Former bassist for the Grateful Dead Phil Lesh (L) performs with surviving bandmates Bob Weir, (R) and drummers Bill Kreutzman (Far L) and Mickey Hart, at the Alpine Valley Music Center in East Troy, Wisconsin, late August 3, 2002. Forty years after the Summer of Love celebrated the free-living ways of the 1960s counterculture, bidders paid more than $1.1 million at auction Tuesday for Grateful Dead memorabilia.

Credit: Reuters/David Rae Morris

SAN FRANCISCO (Reuters) - Forty years after the Summer of Love celebrated the free-living ways of the 1960s counterculture, bidders paid more than $1.1 million at auction Tuesday for Grateful Dead memorabilia.

Oddly Enough

A cream-colored 1975 Travis Bean electric guitar belonging to the band's legendary, late lead guitar player, Jerry Garcia, brought in $312,000 in a brisk sale, auction house said.

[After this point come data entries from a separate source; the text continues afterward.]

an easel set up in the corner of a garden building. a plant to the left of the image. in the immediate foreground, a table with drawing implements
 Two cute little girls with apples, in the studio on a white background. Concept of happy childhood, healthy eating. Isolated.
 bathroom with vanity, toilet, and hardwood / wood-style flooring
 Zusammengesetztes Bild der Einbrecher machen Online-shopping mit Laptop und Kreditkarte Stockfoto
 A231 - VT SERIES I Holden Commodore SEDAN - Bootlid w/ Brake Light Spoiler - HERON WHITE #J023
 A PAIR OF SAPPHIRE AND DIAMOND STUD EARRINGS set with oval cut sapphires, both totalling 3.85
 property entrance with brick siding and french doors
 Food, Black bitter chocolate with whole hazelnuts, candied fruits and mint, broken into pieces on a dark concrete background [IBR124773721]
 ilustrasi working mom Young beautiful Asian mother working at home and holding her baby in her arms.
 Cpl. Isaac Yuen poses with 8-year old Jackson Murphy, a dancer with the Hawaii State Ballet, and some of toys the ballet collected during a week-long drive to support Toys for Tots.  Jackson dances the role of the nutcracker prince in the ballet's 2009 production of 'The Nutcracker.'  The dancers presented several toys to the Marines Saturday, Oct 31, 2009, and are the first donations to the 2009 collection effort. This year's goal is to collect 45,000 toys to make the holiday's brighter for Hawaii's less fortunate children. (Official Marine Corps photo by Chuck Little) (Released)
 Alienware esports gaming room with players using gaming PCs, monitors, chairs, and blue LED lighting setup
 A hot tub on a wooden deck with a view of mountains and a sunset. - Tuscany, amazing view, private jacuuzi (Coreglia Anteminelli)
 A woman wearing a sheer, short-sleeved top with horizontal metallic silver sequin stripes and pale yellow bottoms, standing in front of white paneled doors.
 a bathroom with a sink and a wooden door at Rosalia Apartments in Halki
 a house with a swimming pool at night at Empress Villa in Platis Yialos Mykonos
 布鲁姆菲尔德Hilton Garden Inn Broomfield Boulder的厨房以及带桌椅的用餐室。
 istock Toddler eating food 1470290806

Enthusiasts also bid $102,000 for an acoustic guitar and $39,000 for a Gibson electric guitar played by Garcia.

One of his leather guitar straps sold for $20,400, or four times its initial asking price, and his flight case filled with guitar picks, strings and other accessories sold for $16,800.

The auction house Bonhams and Butterfields held the auction in San Francisco on behalf of Rudson Shurtliff, son of Lawrence "Ram Rod" Shurtliff, the late road manager and president of the Grateful Dead's corporation.

Formed in the mid-1960s, the Grateful Dead were a San Francisco area legend who rose to fame as the city became a counterculture mecca. The band often gave free concerts, including several during the 1967 "Summer of Love" in which thousands with little money flocked to San Francisco.

"Overall it was a very good sale," said Margaret Barrett, director of the entertainment memorabilia department at Bonhams and Butterfields. "I think the bidders were excited."

Last month Jimi Hendrix's 1966 Red Fender Mustang guitar sold for $400,000 and the Gibson Les Paul guitar of U2's The Edge fetched $240,000 at an auction.